* Assignment: Among the lines of the listing below, retype exactly those from the one containing "Body đùi cổ polo cá sấu bé trai" through the one containing "2020 CHEVROLET SILVERADO K1500 LT 9", both included. Do not include pictures.

* Data in this exercise:
Start of Block
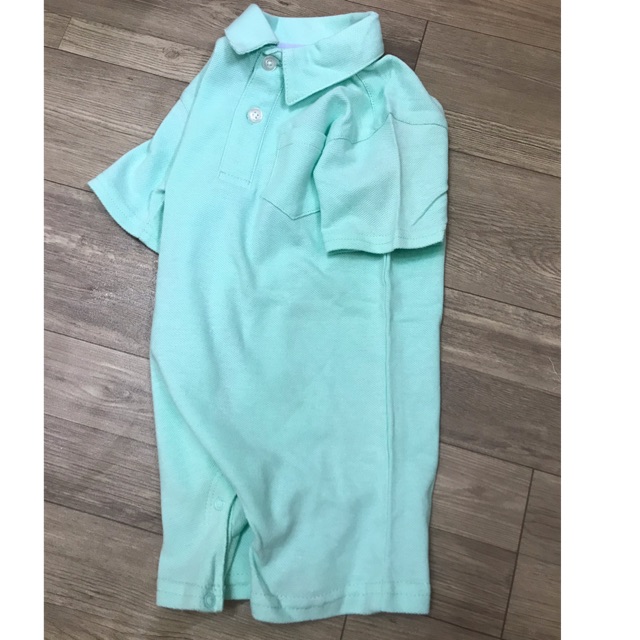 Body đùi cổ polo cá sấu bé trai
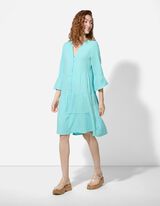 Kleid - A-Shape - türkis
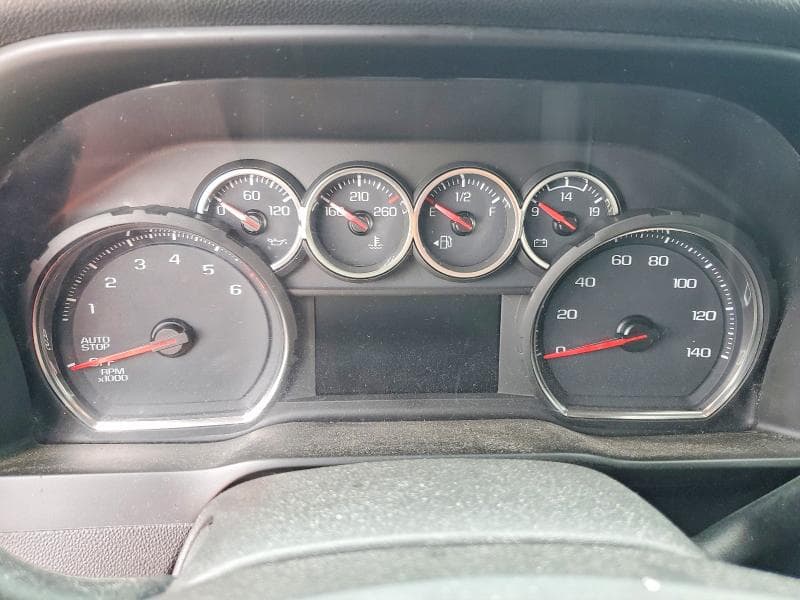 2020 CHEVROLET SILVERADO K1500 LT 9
End of Block
Start of Block
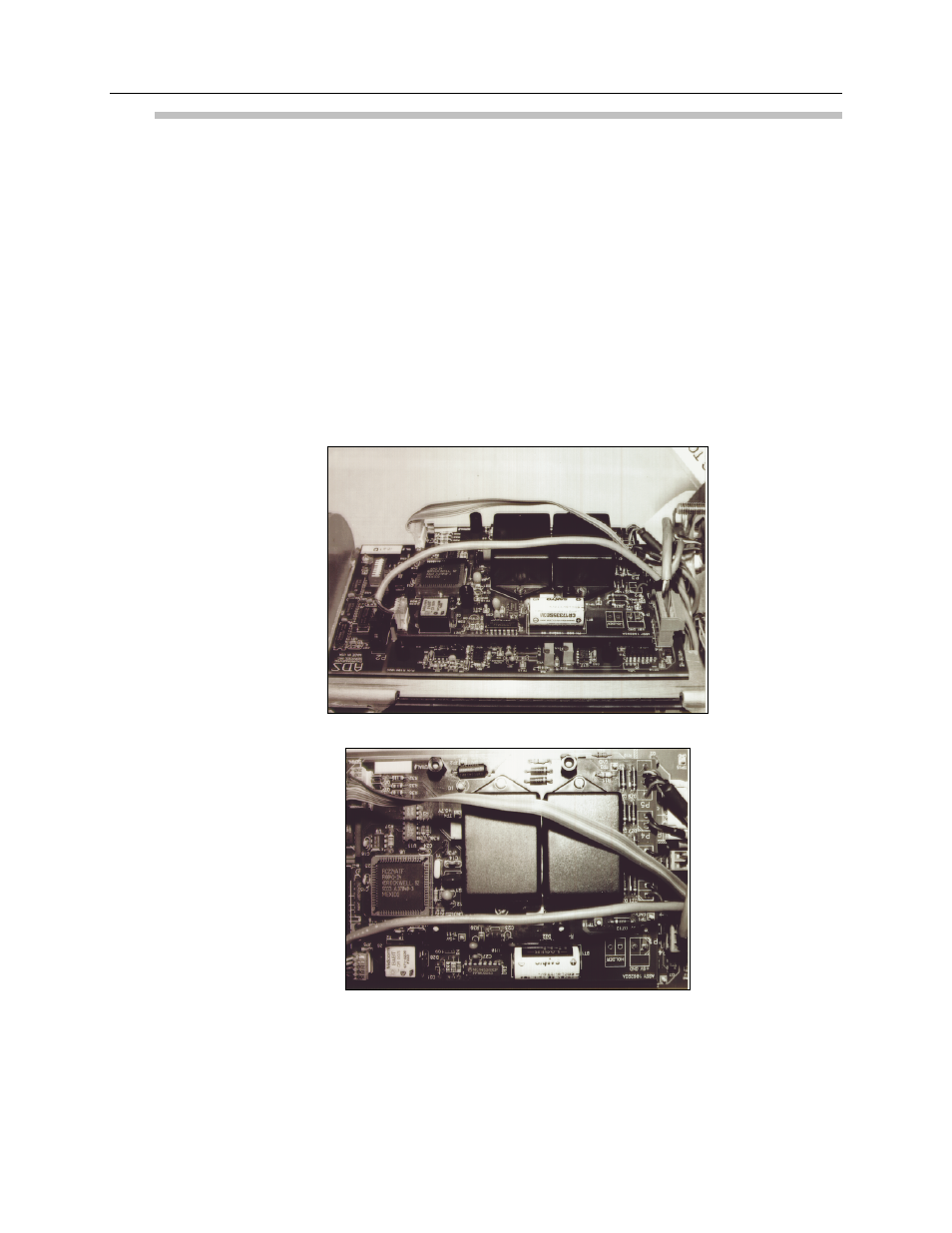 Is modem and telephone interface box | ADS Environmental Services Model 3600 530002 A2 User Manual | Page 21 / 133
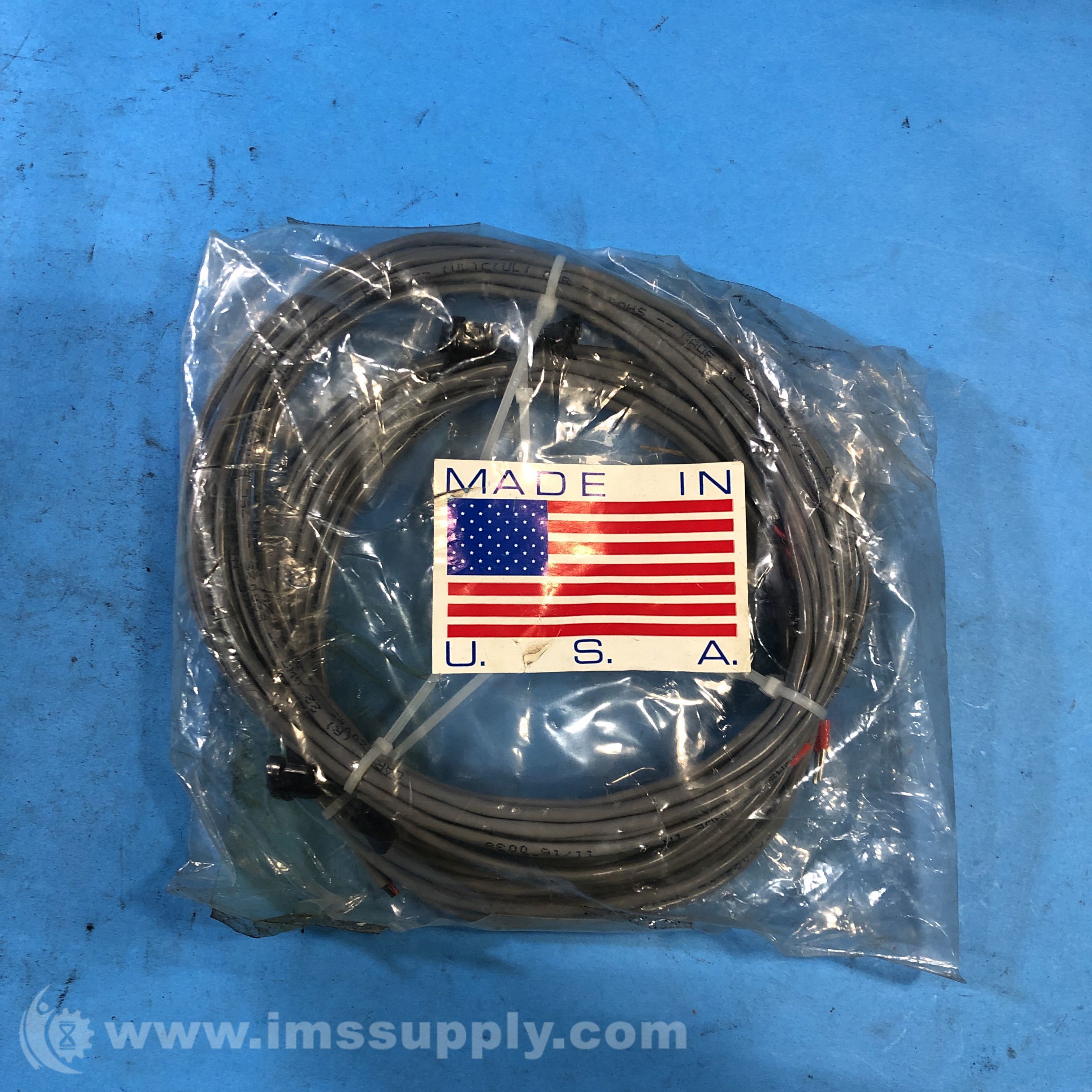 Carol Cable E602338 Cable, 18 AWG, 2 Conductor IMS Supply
End of Block
Start of Block
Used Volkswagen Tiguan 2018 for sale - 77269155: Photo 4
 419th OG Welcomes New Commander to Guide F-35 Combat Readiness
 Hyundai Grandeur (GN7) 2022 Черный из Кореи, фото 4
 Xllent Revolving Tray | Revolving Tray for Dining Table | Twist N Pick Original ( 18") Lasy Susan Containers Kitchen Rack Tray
End of Block
* Result of the task:
 Body đùi cổ polo cá sấu bé trai
 Kleid - A-Shape - türkis
 2020 CHEVROLET SILVERADO K1500 LT 9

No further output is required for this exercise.